La declaración de inconstitucionalidad del primer confinamiento decretado por el Gobierno en marzo de 2020 ha provocado un seísmo en el escenario político español, todavía convulsionado por los ecos de la polémica en relación con las protestas contra la dictadura cubana y por los de la crisis de Gobierno ejecutada por Pedro Sánchez el pasado sábado 10 de julio.
Por seis votos frente a cinco, el Tribunal Constitucional (TC) ha aprobado la ponencia presentada por el magistrado Pedro González-Trevijano en la que se defiende la tesis de que el confinamiento decretado por el Gobierno fue en realidad una suspensión del derecho fundamental a la libre circulación y no una mera limitación.
El resultado ha sido ajustado y ha comportado alguna sorpresa. La vicepresidenta, Encarnación Roca, perteneciente al sector progresista, se ha inclinado por la inconstitucionalidad del decreto ley que dictó el Gobierno. A su voto se han sumado González-Trevijano, Antonio Narváez, Santiago Martínez-Vares, Ricardo Enríquez y Alfredo Montoya, propuestos por el PP.
En contra del recurso se han pronunciado el presidente Juan José González Rivas; el magistrado Andrés Ollero, propuesto por el PP; y tres magistrados cercanos al PSOE: María Luisa Balaguer, Juan Antonio Xiol y Cándido Conde-Pumpido.
Consecuencias de calado
Las consecuencias de la decisión del TC son pequeñas en la práctica (las multas impuestas durante el confinamiento serán anuladas, aunque no cabrá reclamación alguna de los ciudadanos por la inconstitucionalidad del confinamiento), pero de mucho calado en lo político.
A la polémica sobre el fallo se añade el dato de que, como informa hoy EL ESPAÑOL, el presidente del TC, Juan José González Rivas, intentó retrasar el fallo para no perjudicar al nuevo Gobierno.
Alega el Gobierno que el confinamiento, el "más estricto del mundo", como defendió el ministro de Sanidad Salvador Illa en su momento, salvó vidas. Pero ese no es el debate. Porque también las habría salvado un confinamiento decretado a partir de la declaración del estado de excepción, la herramienta legal prevista por la Constitución para la suspensión de derechos fundamentales como el de la libre circulación.
Un debate muy costoso
El problema de fondo es que el estado de excepción habría requerido para su aprobación del sí del Congreso de los Diputados.
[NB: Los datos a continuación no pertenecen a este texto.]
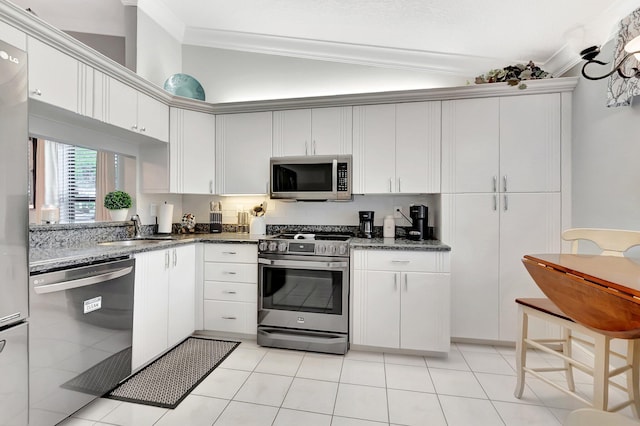 kitchen featuring dark stone counters, a sink, ornamental molding, vaulted ceiling, and stainless steel appliances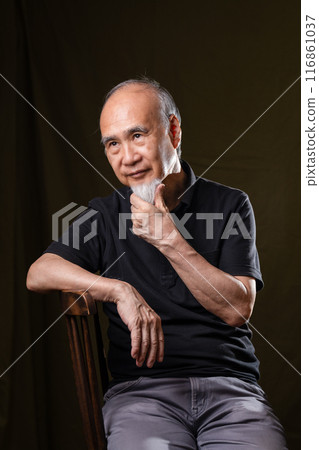 Senior man in his 60s or 70s with a white beard enjoying senior life 116861037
Y ese debate habría sido muy costoso políticamente para el Gobierno.
Entre otras razones, por las connotaciones cuasibélicas del estado de excepción y por la evidencia de que bajo su vigencia, los derechos fundamentales de los ciudadanos quedan suspendidos, no simplemente limitados de forma temporal.
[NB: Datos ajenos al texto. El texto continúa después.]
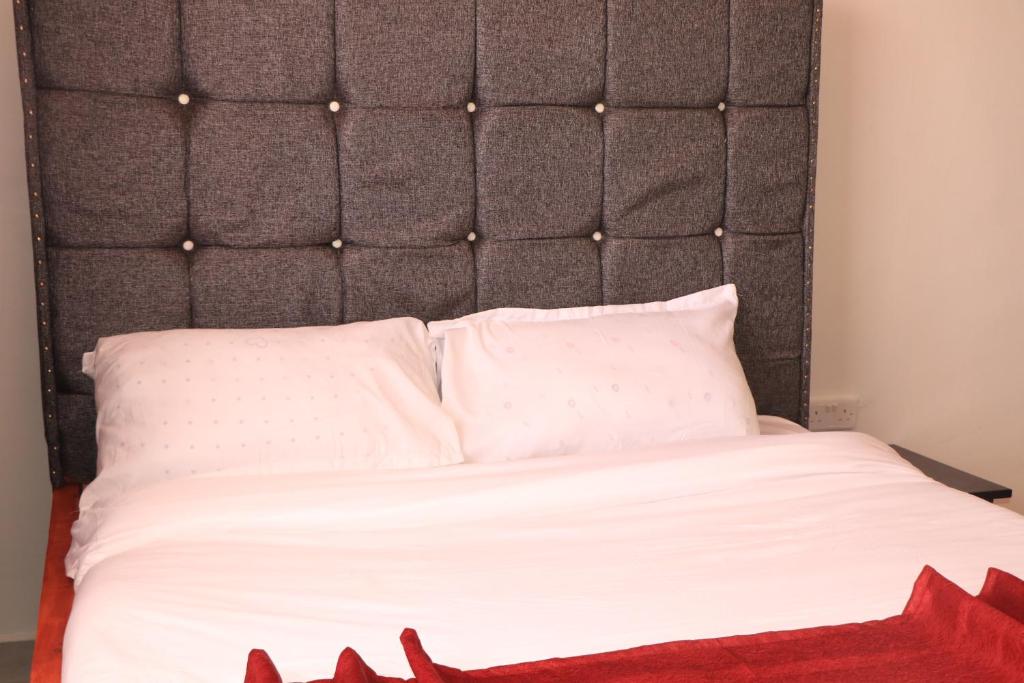 Katil atau katil-katil dalam bilik di Kirans 1 bedroom beautiful Apartment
Falsean la realidad, en fin, los que afirman que las medidas adoptadas por el Gobierno habrían sido mucho más duras de haberse amparado para el paraguas del estado de excepción. Porque las medidas habrían sido las mismas. Sólo que ajustadas a derecho.
El estado de alarma, además, permitió al Gobierno esquivar varios de los controles asociados al estado de excepción. Lo cierto es que el Ejecutivo optó por el camino de menor resistencia y que menos castigo electoral y reputacional comportaba a corto plazo. Pero esa era también la vía menos sólida desde el punto de vista jurídico.
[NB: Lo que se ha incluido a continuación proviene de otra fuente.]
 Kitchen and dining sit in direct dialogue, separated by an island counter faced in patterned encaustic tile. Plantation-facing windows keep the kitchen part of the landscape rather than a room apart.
En la práctica, el Gobierno sólo aplazó durante unos meses las consecuencias de su decisión. Es probable que en el cálculo haya jugado una evidencia elemental: la de que es preferible un varapalo jurídico que un varapalo electoral en las urnas.
Mención aparte para una de las principales taras del escenario político español: la tardanza con la que llegan las sentencias del TC, cuando todo el daño ha sido hecho ya, y la utilización de esas sentencias por parte de los partidos para sus cuitas particulares.
Pecados menores, en cualquier caso, en comparación con la enésima irresponsabilidad de Podemos, un partido cuyo único afán es el de reventar la credibilidad de las instituciones españolas y generar la máxima crispación social posible, y que ha llamado al TC "tribunal voxtitucional".